Nazar Dulov : ce n'est pas ce qu'on m'avait promis
« On m'a dit des choses avant que je signe. Je ne les répéterai pas, mais je m'en souviens toutes. » Ural 2 n'ont pas répondu, ce qui est déjà une réponse.
Indemnité réglée, contrat réglé, visite médicale programmée. Gaetano Molignano sera le joueur d’un autre club d’ici le week-end, et à Ural 2 les adieux ont discrètement commencé.
9 recrues en un seul mercato. Chacune peut être une amélioration, et l'équipe peut quand même être moins bonne pendant un temps, la partie d'une reconstruction que les verdicts ne mentionnent jamais.
Il ne s'agissait pas de football, et tous ceux qui ont vu la scène le savent. Deux hommes qui doivent jouer ensemble samedi se sont dit cette semaine au Ural 2 des choses qui prendront plus d'une semaine à effacer.
Quelqu'un a dit tout haut ce que plusieurs pensaient de la façon dont un autre s'entraîne, et Arsen Agakhanov était au milieu. La seule dispute de vestiaire qui porte vraiment sur le football.
« L’entraîneur n’a pas employé beaucoup de mots, et il n’en avait pas besoin. » Dino Jergović a sa réponse de Ural 2 ; ce qu’il en fera est l’histoire du prochain mercato.
« Je titularise des joueurs qui font le travail. Tout le travail. » Aucun nom n’a été prononcé ; toutes les caméras se sont quand même tournées vers Denis Perfilov, et l’entraîneur a laissé faire.
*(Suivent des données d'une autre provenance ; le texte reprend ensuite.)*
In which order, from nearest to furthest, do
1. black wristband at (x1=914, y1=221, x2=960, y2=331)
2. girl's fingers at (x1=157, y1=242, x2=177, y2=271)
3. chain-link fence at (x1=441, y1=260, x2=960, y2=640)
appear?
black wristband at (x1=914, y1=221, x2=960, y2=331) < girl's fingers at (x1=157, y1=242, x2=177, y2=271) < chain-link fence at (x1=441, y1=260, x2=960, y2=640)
« Ça avait assez duré. Je préfère le dire en face plutôt que de laisser traîner. » Dix minutes à huis clos à Ural 2, et les deux hommes en sont ressortis en disant que tout allait bien.
« Je n'ai rien de mauvais à dire sur cet endroit. J'ai simplement besoin d'être ailleurs. » C'est écrit désormais, et cela change ce que Ural 2 peuvent feindre de ne pas avoir entendu.
Arsen Agakhanov et un coéquipier se sont dit cette semaine des choses qu'il faudra plus d'une semaine pour effacer. Il ne s'agissait pas de football, et les deux jouent samedi.
Quelqu'un a dit tout haut ce que plusieurs pensaient de la façon dont un autre s'entraîne, et Alexandr Shlenkin était au milieu. La seule dispute de vestiaire qui porte vraiment sur le football.
« J'ai essayé. J'ai vraiment essayé, et chaque matin je me réveille au mauvais endroit. » Personne à Ural 2 ne peut entraîner un homme à ne plus ressentir cela, et personne là-bas ne fait semblant d'essayer.
« On m'a dit des choses avant que je signe. Je ne les répéterai pas, mais je m'en souviens toutes. » Ural 2 n'ont pas répondu, ce qui est déjà une réponse.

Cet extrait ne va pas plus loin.